October 10, 2014

Everything is kind of awesome again, at least as far as Greenpeace is concerned. Once again, the world’s arguably most dogged environmental organization has succeeded in hitting a company where it hurts – in this case, sabotaging a major marketing deal between Royal Dutch Shell and Lego. Under the agreement, signed in 2011, Shell gave out Lego toy sets to gas station customers in 30 countries that filled up with at least 30 litres of gasoline. Greenpeace, strongly opposed to Shell’s plans to drill in the Arctic, reacted by launching an online protest/petition that went viral. More than a million signatures later, Dutch-based Lego has given in. It announced Thursday it would not renew the contract with Shell. Question is, were they going to renew it anyway? We’ll never know.

What’s in that stink?

SC Johnson, the Wisconsin-based maker of household cleaning and air freshening products, said Thursday it would start disclosing the fragrance ingredients in specific products in spring 2015. The company, like many in the industry, does disclose overall ingredients but has not previously tied those ingredients to particular products. It will begin this new disclosure initiative in the United States and Canada, then Europe, starting with air care products and expanding from there into other categories. It may be the right thing to do, but it’s also a reaction to main competitor Clorox, which announced in late September it would start product-specific ingredient disclosure. It’s a big shift for the industry, which has historically been extremely secretive about fragrance ingredients.
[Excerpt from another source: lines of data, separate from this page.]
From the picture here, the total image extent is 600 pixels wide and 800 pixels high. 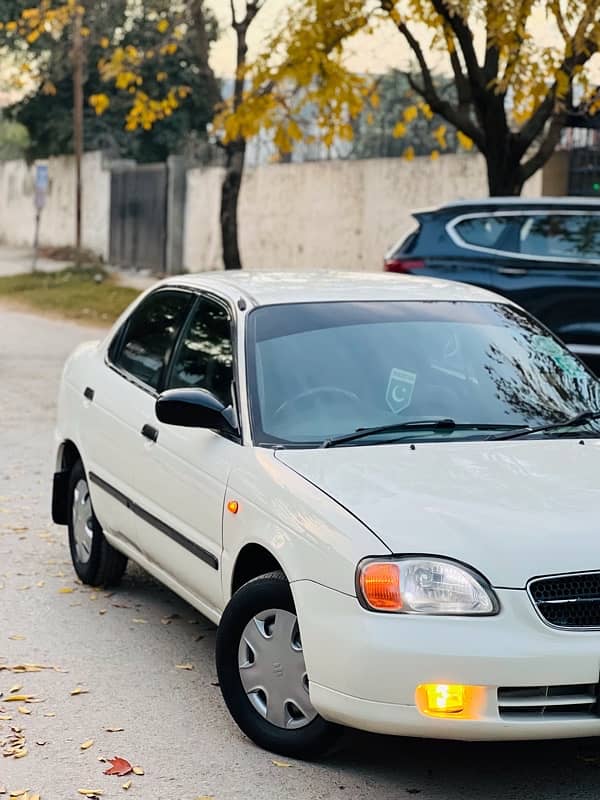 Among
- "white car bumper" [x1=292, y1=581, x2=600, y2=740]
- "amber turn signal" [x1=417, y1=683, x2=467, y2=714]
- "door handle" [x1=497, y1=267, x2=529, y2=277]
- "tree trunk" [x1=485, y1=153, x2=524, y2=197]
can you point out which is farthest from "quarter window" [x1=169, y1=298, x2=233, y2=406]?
"tree trunk" [x1=485, y1=153, x2=524, y2=197]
Control of dot-eco domain goes to Canada

Corporate Knights reported Thursday that ICANN, the world’s Internet domain regulatory body, has given control of the new “dot-eco” top-level domain to a small Vancouver-based company called Big Room, which in its application had the backing of a global coalition of more than 50 environmental organizations. It took Big Room seven years, and a short-lived battle with another applicant backed by former U.S. vice-president Al Gore, to convince the regulator it would give the dot-eco domain a higher social purpose. The company hopes to have its dot-eco name registry operating sometime next year.

CK launches workplace safety web series

Visit corporateknights.com throughout the rest of October to follow our just-launched workplace safety web series, starting with today’s in-depth piece by award-winning journalist John Lorinc. In his story, Lorinc identifies fundamental shifts in our economy that are making traditionally low-risk, “safe” jobs – such as part-time retail and hotel service positions – more dangerous. The series is a partnership with the Canadian Society of Safety Engineering and the Center for Safety and Health Sustainability. Over the coming three weeks, we’ll also look at which industries are best and worst at disclosing workplace safety data, as well as the challenge of making sure safety standards trickle down through the supply chain. Another question we’ll answer: Why are injury claims in Canada’s east falling faster than in the west? Finally, we’ll end with a report on Canada’s latest worker safety data.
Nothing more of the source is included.